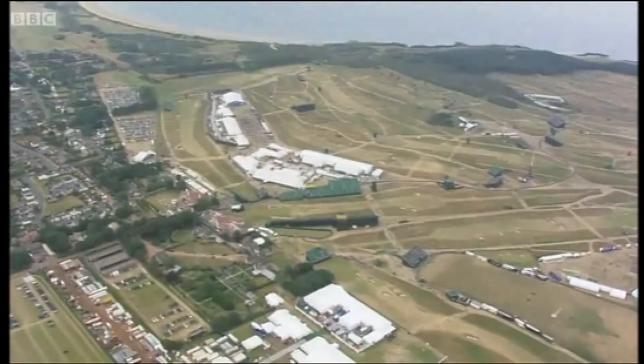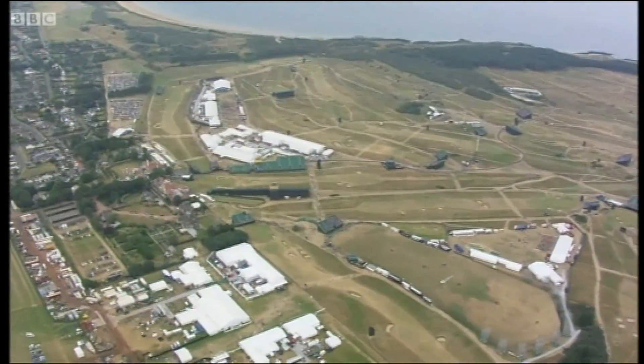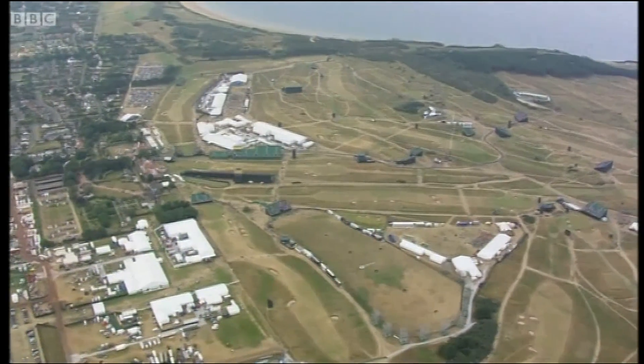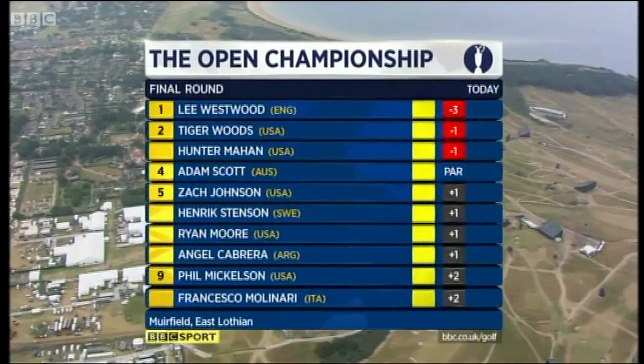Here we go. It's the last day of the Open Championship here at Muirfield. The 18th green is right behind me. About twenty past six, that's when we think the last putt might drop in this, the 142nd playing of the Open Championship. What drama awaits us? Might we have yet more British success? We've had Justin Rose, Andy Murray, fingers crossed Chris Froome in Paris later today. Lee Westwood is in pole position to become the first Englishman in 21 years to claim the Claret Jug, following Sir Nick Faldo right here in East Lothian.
※
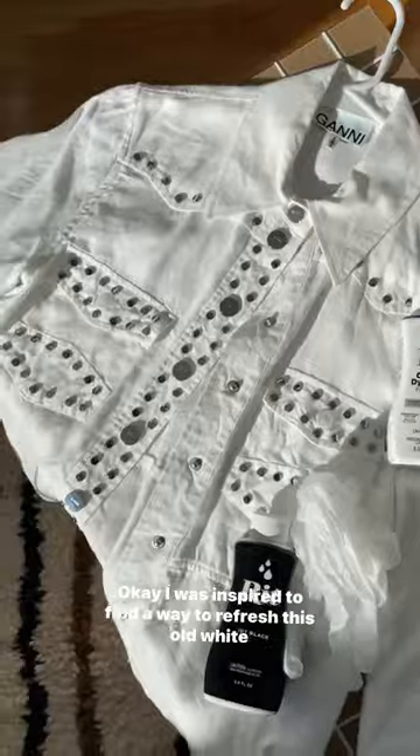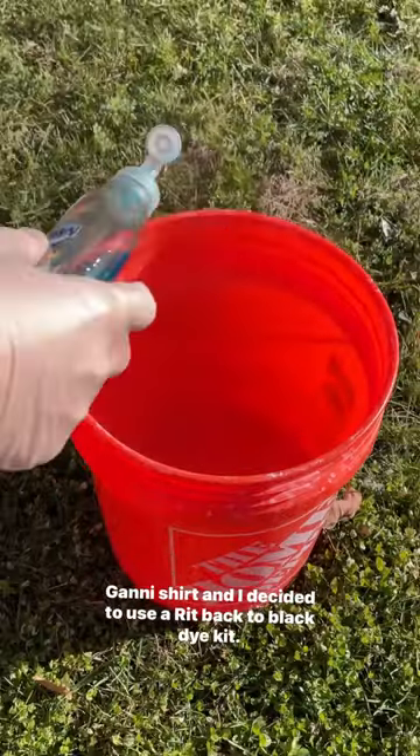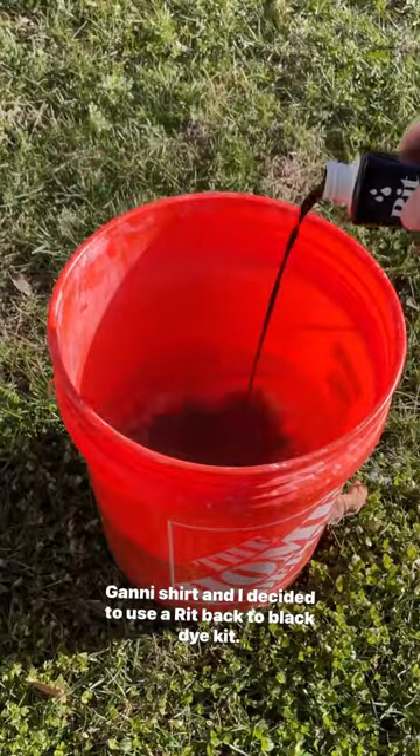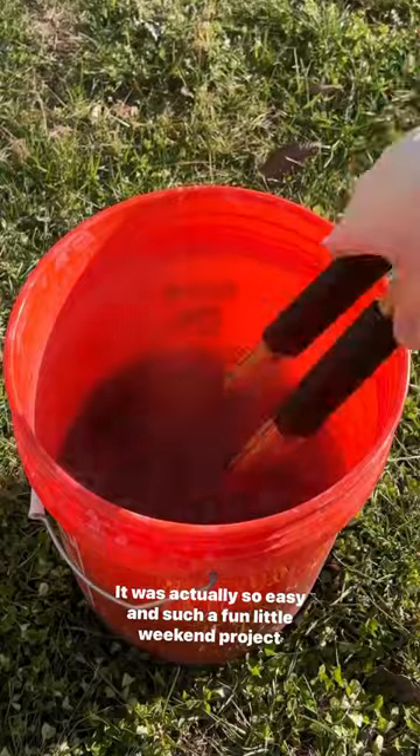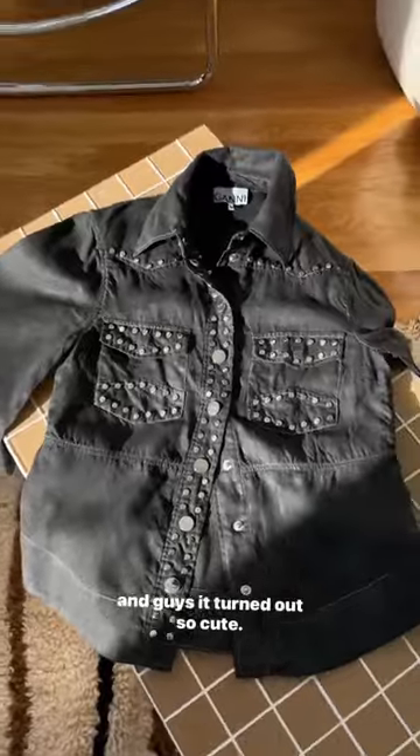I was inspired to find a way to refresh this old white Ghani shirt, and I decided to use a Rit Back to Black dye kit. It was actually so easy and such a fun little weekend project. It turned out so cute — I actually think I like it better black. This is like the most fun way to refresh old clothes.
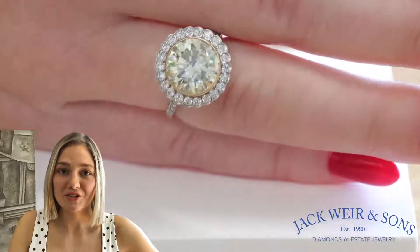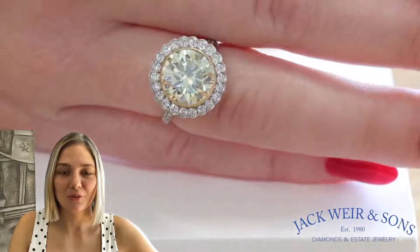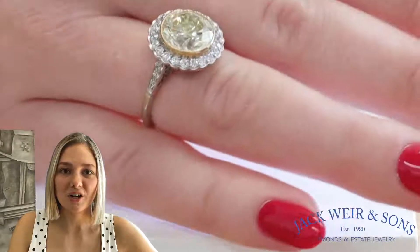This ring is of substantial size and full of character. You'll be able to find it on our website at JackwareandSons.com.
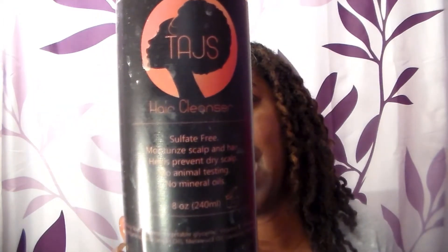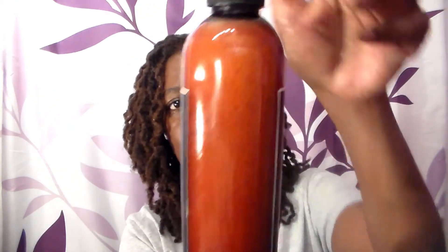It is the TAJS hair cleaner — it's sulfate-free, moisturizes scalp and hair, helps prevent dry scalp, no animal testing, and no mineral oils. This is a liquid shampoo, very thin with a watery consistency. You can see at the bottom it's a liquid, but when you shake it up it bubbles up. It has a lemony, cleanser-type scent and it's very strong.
※
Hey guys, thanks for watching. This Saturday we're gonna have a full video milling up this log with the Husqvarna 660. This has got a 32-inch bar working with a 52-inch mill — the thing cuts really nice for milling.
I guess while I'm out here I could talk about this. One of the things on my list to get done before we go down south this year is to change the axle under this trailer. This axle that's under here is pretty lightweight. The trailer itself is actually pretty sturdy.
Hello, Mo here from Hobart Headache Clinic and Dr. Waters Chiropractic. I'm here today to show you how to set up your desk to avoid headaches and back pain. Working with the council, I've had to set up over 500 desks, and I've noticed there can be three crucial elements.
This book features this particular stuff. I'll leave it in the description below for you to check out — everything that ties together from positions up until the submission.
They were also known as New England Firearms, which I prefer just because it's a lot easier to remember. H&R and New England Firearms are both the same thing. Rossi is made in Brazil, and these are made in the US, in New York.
※
TASK ITEM:
Repeat exactly the stretch of the listing above that starts with the line holding "I was inspired" and finishes with the line holding "It is the TAJS", both included. Skip every picture.

EXERCISE SOLUTION:
I was inspired to find a way to refresh this old white Ghani shirt, and I decided to use a Rit Back to Black dye kit. It was actually so easy and such a fun little weekend project. It turned out so cute — I actually think I like it better black. This is like the most fun way to refresh old clothes.
This ring is of substantial size and full of character. You'll be able to find it on our website at JackwareandSons.com.
It is the TAJS hair cleaner — it's sulfate-free, moisturizes scalp and hair, helps prevent dry scalp, no animal testing, and no mineral oils. This is a liquid shampoo, very thin with a watery consistency. You can see at the bottom it's a liquid, but when you shake it up it bubbles up. It has a lemony, cleanser-type scent and it's very strong.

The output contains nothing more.